Records contained in a dataset:
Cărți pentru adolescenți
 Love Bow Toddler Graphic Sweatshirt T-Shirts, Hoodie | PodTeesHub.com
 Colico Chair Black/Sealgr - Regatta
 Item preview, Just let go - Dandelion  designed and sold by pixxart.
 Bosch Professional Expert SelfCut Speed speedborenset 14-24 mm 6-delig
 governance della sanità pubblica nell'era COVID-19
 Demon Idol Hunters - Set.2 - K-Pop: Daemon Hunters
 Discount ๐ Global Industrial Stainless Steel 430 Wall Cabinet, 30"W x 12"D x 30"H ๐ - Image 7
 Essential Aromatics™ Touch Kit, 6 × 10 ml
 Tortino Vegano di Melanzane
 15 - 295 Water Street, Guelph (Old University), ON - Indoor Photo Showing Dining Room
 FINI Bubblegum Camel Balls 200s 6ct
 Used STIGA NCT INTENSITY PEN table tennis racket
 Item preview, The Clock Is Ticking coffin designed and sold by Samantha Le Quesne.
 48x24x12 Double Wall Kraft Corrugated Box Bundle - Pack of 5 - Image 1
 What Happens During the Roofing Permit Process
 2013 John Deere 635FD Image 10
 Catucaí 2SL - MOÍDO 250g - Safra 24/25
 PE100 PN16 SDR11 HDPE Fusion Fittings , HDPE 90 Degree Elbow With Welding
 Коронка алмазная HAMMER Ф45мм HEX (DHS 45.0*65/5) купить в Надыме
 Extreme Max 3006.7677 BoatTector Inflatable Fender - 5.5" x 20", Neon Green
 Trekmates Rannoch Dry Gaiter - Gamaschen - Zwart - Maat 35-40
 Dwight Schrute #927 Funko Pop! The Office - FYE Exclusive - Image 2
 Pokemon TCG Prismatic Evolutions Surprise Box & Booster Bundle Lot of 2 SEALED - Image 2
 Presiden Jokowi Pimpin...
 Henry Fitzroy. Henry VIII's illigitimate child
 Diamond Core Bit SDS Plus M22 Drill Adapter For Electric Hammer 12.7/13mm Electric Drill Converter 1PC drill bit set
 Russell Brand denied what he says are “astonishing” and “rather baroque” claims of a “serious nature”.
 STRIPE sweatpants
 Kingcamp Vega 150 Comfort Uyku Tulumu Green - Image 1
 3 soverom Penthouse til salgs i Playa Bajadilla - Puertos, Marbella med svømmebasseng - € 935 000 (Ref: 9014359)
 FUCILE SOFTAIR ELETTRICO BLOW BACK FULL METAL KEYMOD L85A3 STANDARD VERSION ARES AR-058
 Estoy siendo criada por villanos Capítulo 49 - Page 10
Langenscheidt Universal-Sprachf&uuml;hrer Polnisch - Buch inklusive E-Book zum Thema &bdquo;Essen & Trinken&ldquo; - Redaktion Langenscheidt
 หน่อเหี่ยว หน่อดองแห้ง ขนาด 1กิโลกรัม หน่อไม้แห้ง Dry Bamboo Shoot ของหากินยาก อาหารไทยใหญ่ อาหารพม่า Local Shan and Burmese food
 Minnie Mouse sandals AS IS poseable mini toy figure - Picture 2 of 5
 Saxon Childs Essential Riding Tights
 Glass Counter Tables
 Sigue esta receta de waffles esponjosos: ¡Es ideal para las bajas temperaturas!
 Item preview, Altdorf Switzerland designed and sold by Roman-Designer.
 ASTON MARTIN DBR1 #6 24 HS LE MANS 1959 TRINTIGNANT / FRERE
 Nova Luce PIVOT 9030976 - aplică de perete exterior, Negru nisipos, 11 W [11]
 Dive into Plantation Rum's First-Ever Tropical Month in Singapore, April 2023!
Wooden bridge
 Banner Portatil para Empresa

EXERCISE DETAILS:
Copy out only the lines above from the one with "Dwight Schrute #927" to the one with "Langenscheidt Universal-Sprachf&uuml;hrer Polnisch", inclusive, exactly as they stand.

RESPONSE AREA:
 Dwight Schrute #927 Funko Pop! The Office - FYE Exclusive - Image 2
 Pokemon TCG Prismatic Evolutions Surprise Box & Booster Bundle Lot of 2 SEALED - Image 2
 Presiden Jokowi Pimpin...
 Henry Fitzroy. Henry VIII's illigitimate child
 Diamond Core Bit SDS Plus M22 Drill Adapter For Electric Hammer 12.7/13mm Electric Drill Converter 1PC drill bit set
 Russell Brand denied what he says are “astonishing” and “rather baroque” claims of a “serious nature”.
 STRIPE sweatpants
 Kingcamp Vega 150 Comfort Uyku Tulumu Green - Image 1
 3 soverom Penthouse til salgs i Playa Bajadilla - Puertos, Marbella med svømmebasseng - € 935 000 (Ref: 9014359)
 FUCILE SOFTAIR ELETTRICO BLOW BACK FULL METAL KEYMOD L85A3 STANDARD VERSION ARES AR-058
 Estoy siendo criada por villanos Capítulo 49 - Page 10
Langenscheidt Universal-Sprachf&uuml;hrer Polnisch - Buch inklusive E-Book zum Thema &bdquo;Essen & Trinken&ldquo; - Redaktion Langenscheidt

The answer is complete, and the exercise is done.